Consequentemente, seria imperiosa a adoção de medidas tanto para vedar publicidade e propaganda das referidas atividades que tenham crianças e adolescentes como público-alvo, como também para impedir participação nas apostas de quota fixa com recursos provenientes de programas sociais e assistenciais.

Em seu voto, o Ministro Gilmar Mendes igualmente constatou a necessidade de melhor elaboração de arcabouço regulatório sobre o tema e também do desenvolvimento de regulação estatal para proteger tais grupos vulneráveis e para mitigar e punir os responsáveis por manipulações e fraudes perpetradas.

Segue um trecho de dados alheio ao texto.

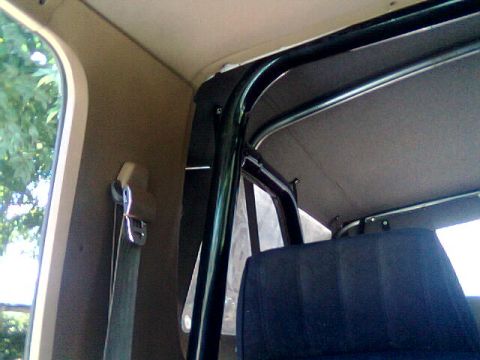 1989 Ford Bronco - The interior of a vehicle shows a roll cage structure and a dark-colored seat with a seatbelt.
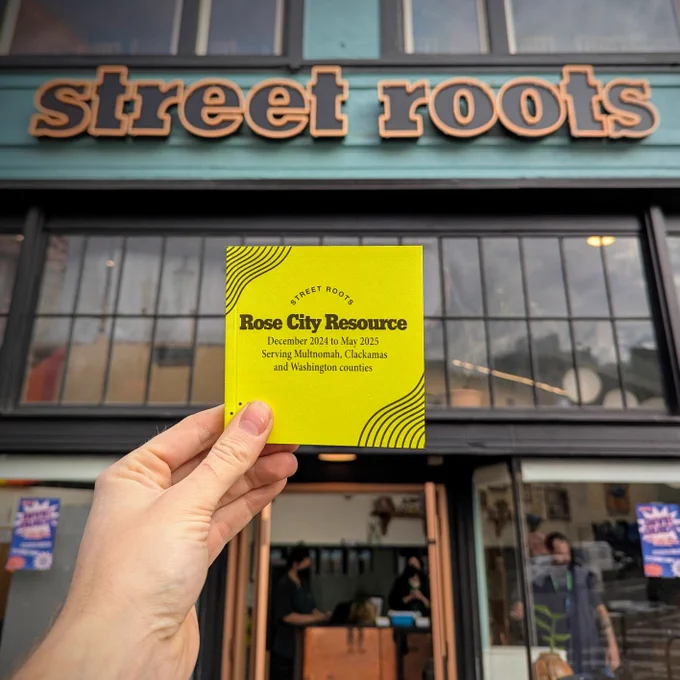 A hand holds up a square, yellow booklet with black text on the cover. The text says, "Street Roots Rose City Resource. December 2024 to May 2024. Serving Multnomah, Clackamas, and Washington Counties. Behind the booklet is the none "Street Roots" sign on the front of the Street Roots office building.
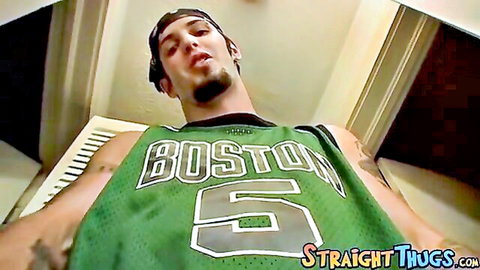 Young goateed stud in green Boston Celtics jersey lying back POV teasing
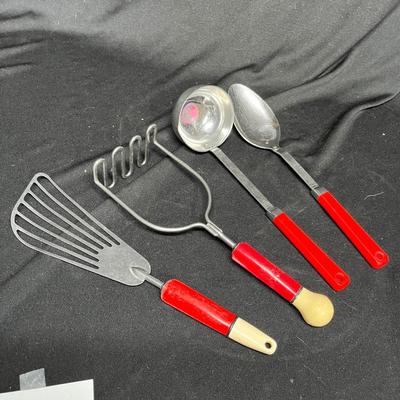Vintage red handled utensils
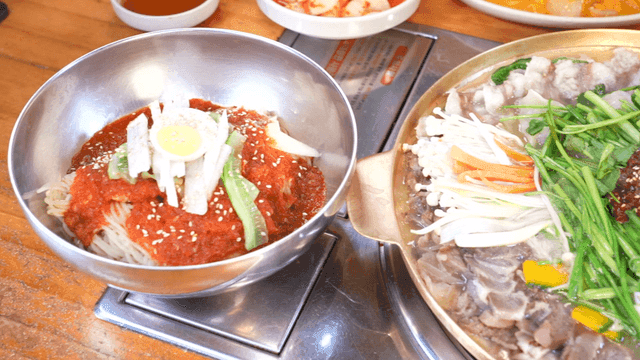 Stew and spicy bibim milmyeon on table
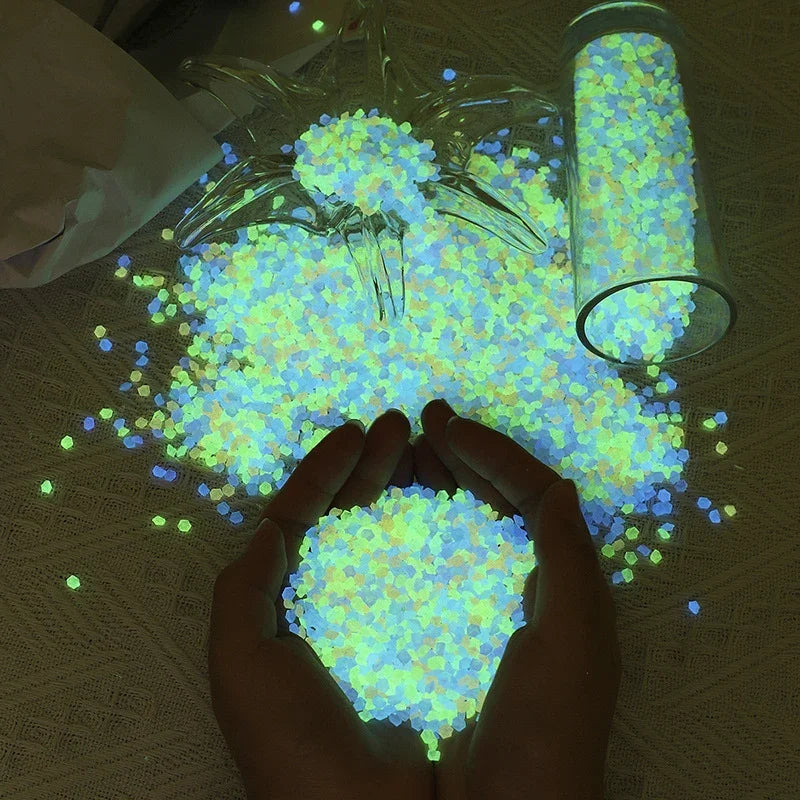 A hand holds a pile of glow-in-the-dark decorative pebbles that emit a bright blue-green light.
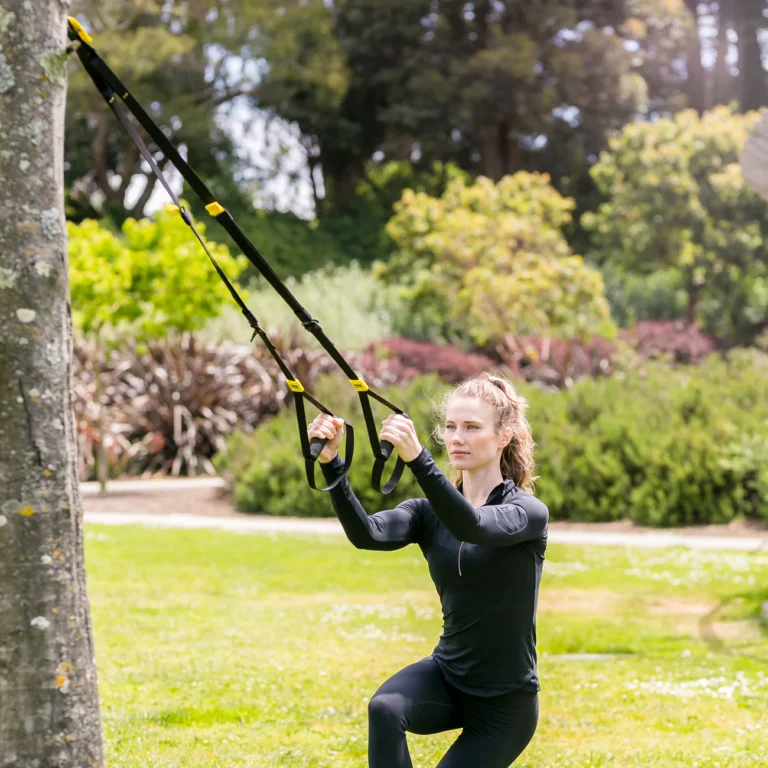 En kvinna som tränar utomhus med TRX Move
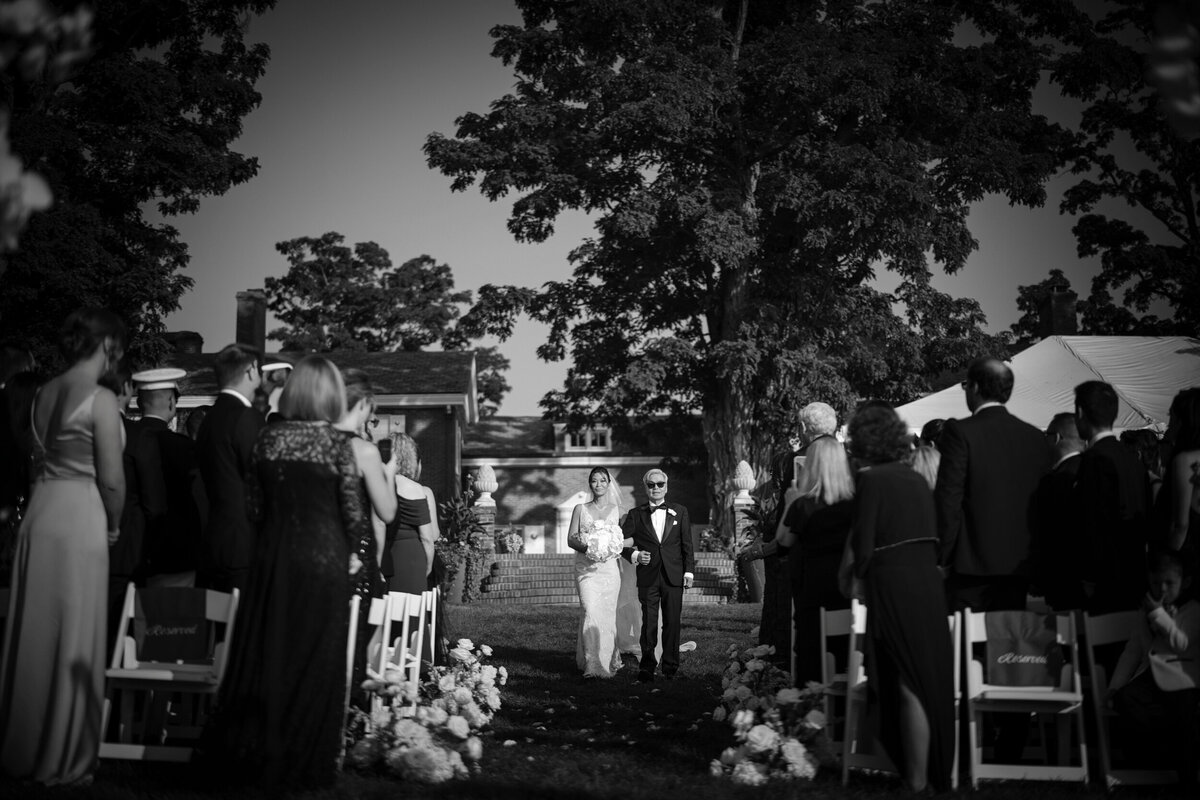 A bride walks down the aisle with her father at an outdoor ceremony at a destination wedding in Vermont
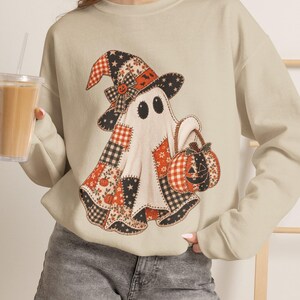 May include: A beige crewneck sweatshirt featuring a graphic of a ghost wearing a patchwork witch hat and holding a jack-o'-lantern. The ghost design incorporates various patterns including plaid, stars, and small pumpkins in orange, black, and white.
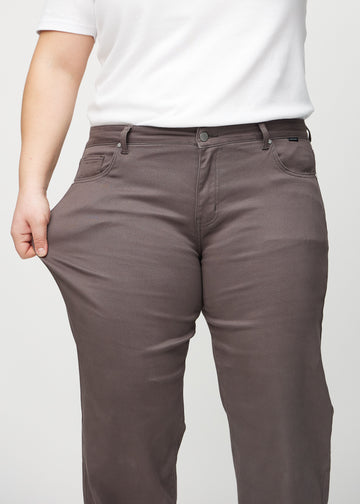 Loose jeans for women in grey-brown, color Thunders. A plus-size model stretches the denim at the thigh to show the fabric&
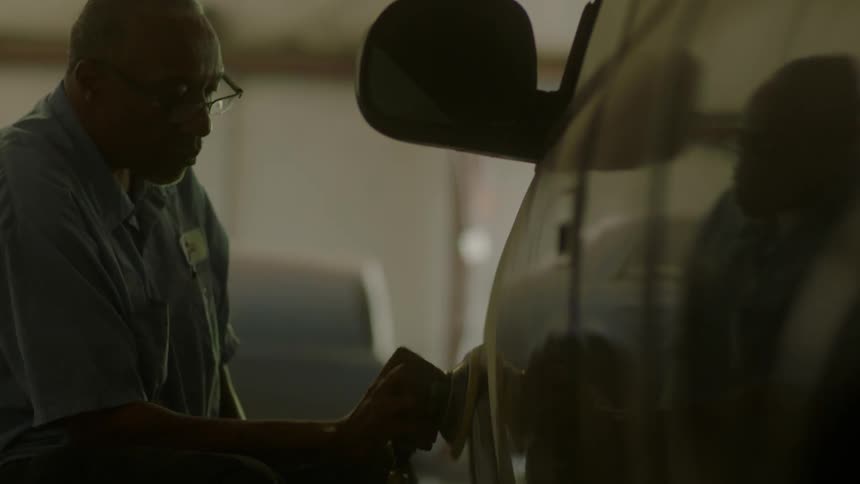 A man buffs the front fender of a car in a garage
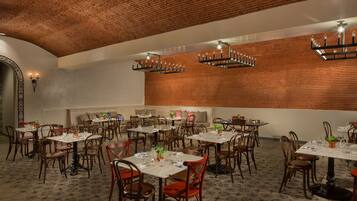 A spacious dining area with multiple tables and chairs, featuring a brick ceiling and wooden wall paneling.
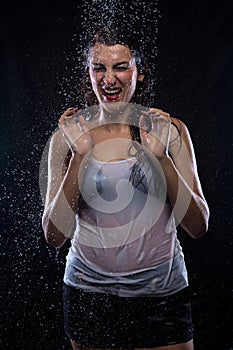 Unhappy young brunette under running water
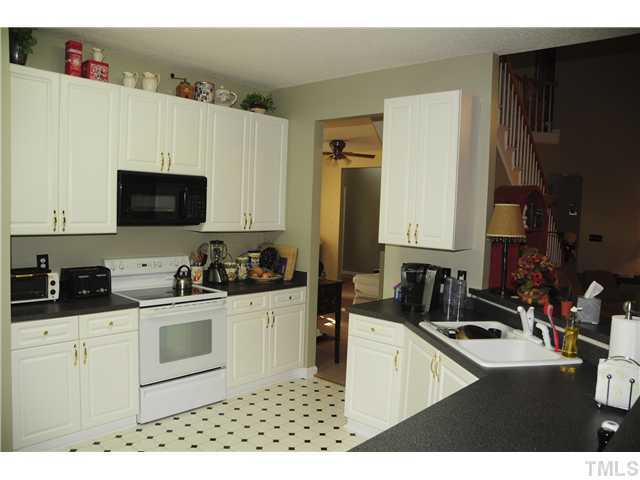 12321 Amoretto Way Raleigh, NC 27613 - Photo 3 of 9 Large kitchen with 42" white cabinets and plenty of counter space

Ainda é preciso destacar o voto do Ministro Flávio Dino, que ressaltou, dentre várias questões, a necessidade de prevenção aos transtornos do jogo patológico, missão para a qual seria questionável a competência e a expertise do Ministério da Fazenda, do que decorreria o consequente risco de proteção insuficiente a direitos fundamentais concernentes à saúde da população brasileira.

Como de pode observar, a questão remete à discussão sobre o papel do Estado na proteção das pessoas, especialmente diante de grupos vulneráveis, incluindo aqueles que, como os beneficiários de programas assistenciais, recebem recursos públicos.

Não obstante, é importante salientar que a discussão sobre as bets transcende os grupos vulneráveis, uma vez que há evidências de impactos nefastos mesmo sobre pessoas que não podem ser consideradas aprioristicamente como merecedoras de uma proteção especial. Afinal, falar em apostas é ter que considerar o problema do vício e suas consequências tanto no âmbito individual como no âmbito coletivo.

Assim, subsiste o problema de saber se, mesmo para pessoas não vulneráveis, é exigível que o Estado as proteja diante de iniciativas que, como as bets, podem trazer consequências extremamente negativas para suas vidas e para a própria economia do país.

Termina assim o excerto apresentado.